Onboard video screens show off the train's advanced features. In the dining car, passengers eat roast duck gizzards and spicy noodles and watch the terraced fields and factory towns of South China slip past their windows at speeds averaging around 220 mph.

By 2012, China plans to have almost three dozen high-speed rail lines crisscrossing the country. Nearly 130,000 workers are now building the Beijing-to-Shanghai line, which at $32 billion will be China's most expensive construction project ever. The frenzy of construction is at the heart of China's massive fiscal stimulus to revive the economy.

Read On
Wuhan and Guangzhou are not close to each other. At all.

Image from

There is a high speed train in development between Xi'an and Beijing. The thirteen hour trip will be three or four after the train is built.

This high-speed train development is great. Chinese trains are so crowded now. Adding high-speed trains onto the already running trains is going to make train travel much easier throughout the country. Such development will also decrease dependency on air travel.

Reading about this project reminds me of what the film producer Bob Compton said to me a few months ago, "China's stimulus is building while America's is bailing." America, right now, can only dream of such projects (and honestly, most Americans don't even understand the value of getting away from our car culture). China is actually making their ambitious dreams a reality.


Anonymous said...

I love NPR as well and heard the same story today. What impressed me the most is when the Chinese Engineer cited that it was the only environmentally responsible way for China to solve its mass transit problem due to the size of its population. China has justly gotten a lot of criticism over its environmental track record, but the positives should be pointed out as well.

Also its nice to see China find its own way as it develops economic strength and not just act "western" and start mass producing airplanes.

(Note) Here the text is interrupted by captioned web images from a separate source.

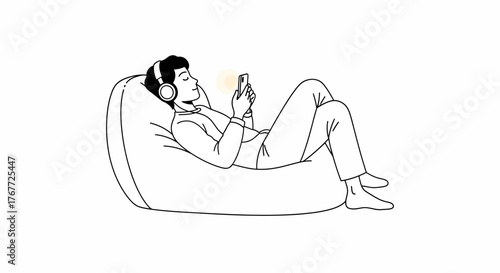 Person relaxing on beanbag chair while listening music with smartphone and headphone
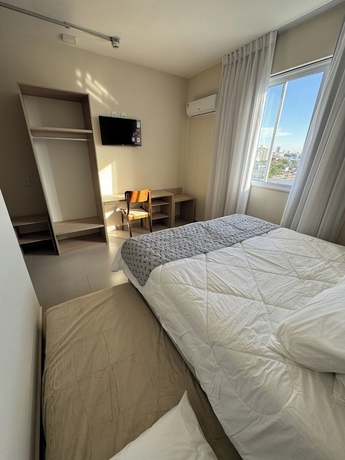 Imagen de la habitación del Hotel MLG HOTEL. Foto 11
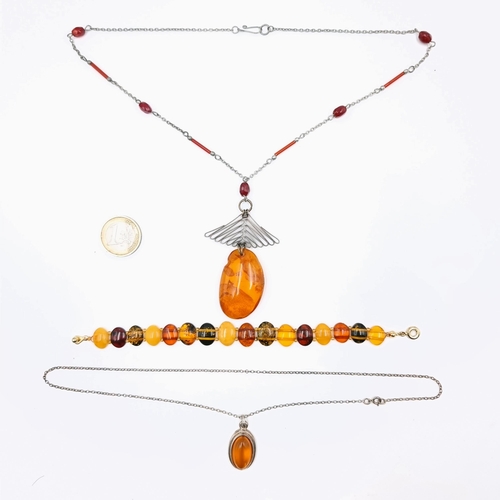 567 - Three Piltic amber items consisting of two necklaces. lengths of chain 52cms & 44 cms. Together with... 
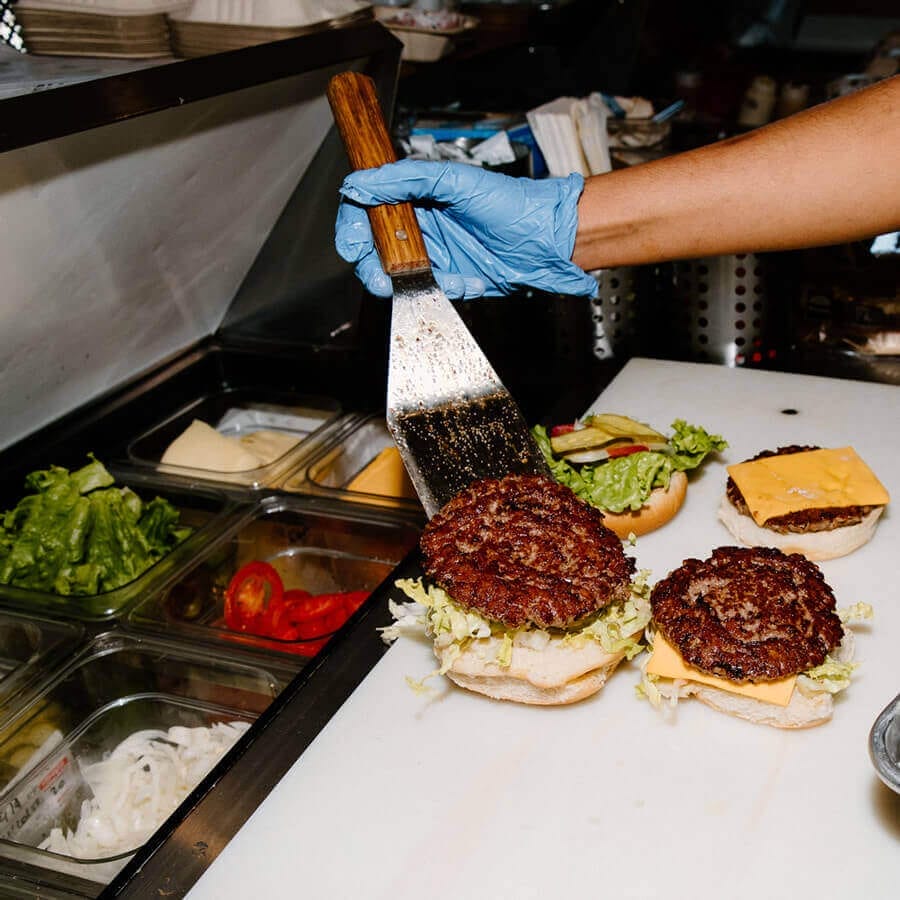 A burger being put together at the condiment bar.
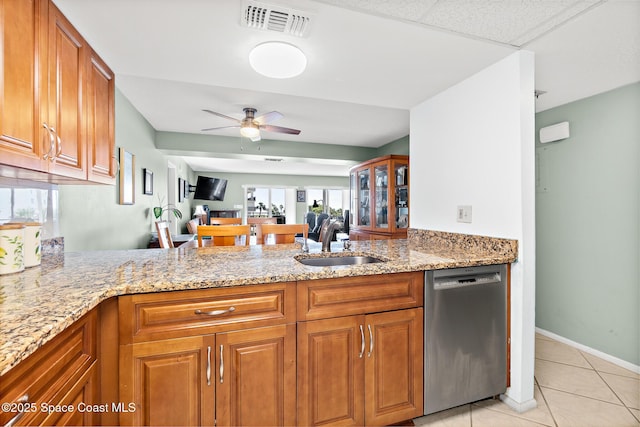 1700 N Atlantic Ave Unit 133, Cocoa Beach, FL 32931 - kitchen featuring dishwasher, a peninsula, brown cabinets, and light stone counters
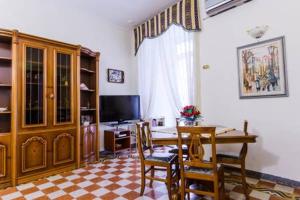 un soggiorno con tavolo, sedie e TV di Casa Lillina a Toledo , near Piazza del plebiscito a Napoli
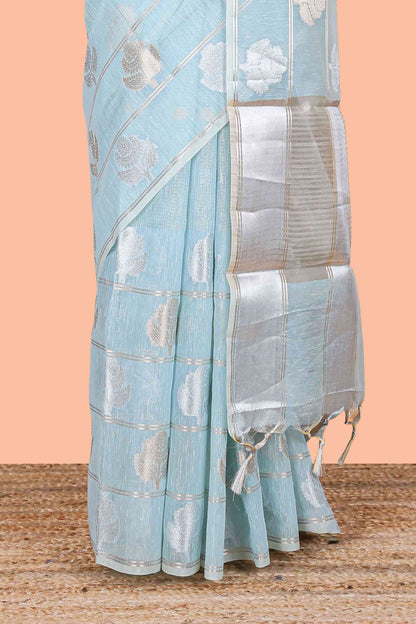 Blue floral zari butta linen tissue saree with zari border and contrast blouse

One of the criticisms is that these solutions really only cater to the wealthy and that migrant workers will still be forced into crammed trains to commute back and forth for holidays and work. A valid criticism, but at least the highspeed rails will ease the burden a bit.

Mark said...

I agree, NPR is the best.

I see where the criticism on only catering to the wealthy comes in, but I would imagine that these trains would lighten the load on normal trains. As more and more Chinese are getting wealthy, more and more will be able to afford these high-speed rails.

Sure, the percentage of people who can afford these new trains is small. But having been on packed cheaper trains before, any easing will be a great benefit.

Taylor O said...

I love trains; I think the chugging along tracks riverside watching the cities, towns and nature blur by is amazing, in a cozier bigger space than available on a plane flight.

That said trains are often just not practical compared to other options. Case in point, target of stimulus dollars Chicago to Minneapolis route. I have taken this Amtrak train and currently it takes from around 5am leaving the Minneapolis area and arriving in Chicago's Union Station at approximately 5pm. Even with a higher speed train at the cost of many billions of tax payer dollars, the time could not possibly improve airplane ranges. Only one of these superfast ones or maglev Shanghai style could even approach it and they are even less financially feasible. A fare of several hundreds of dollars for a long train ride is just not comparable to a $69 dollar Southwest one way that gets you there in 1.5 hours. Security you say at the airport? Trains will have that one day as soon as one incident occurs.

Any of these projects are market distortions, taking money from all taxpayers to divert to the preferences of some. Sure, I'd be happy with the Minnesota to Chicago train occasionally wasting a Saturday but not for many others, time is too precious.

loco2travel said...

You say that your time is too precious, but what about our natural resources?

I agree with Hogfrog: "the only environmentally responsible way for China to solve its mass transit problem". At loco2travel we think that the development of high speed trains is a fantastic step towards green travel, and I am delighted that China is giving the rest of the world the kick it needs to question our reliance on flying. I wonder if the US can rise to the challenge.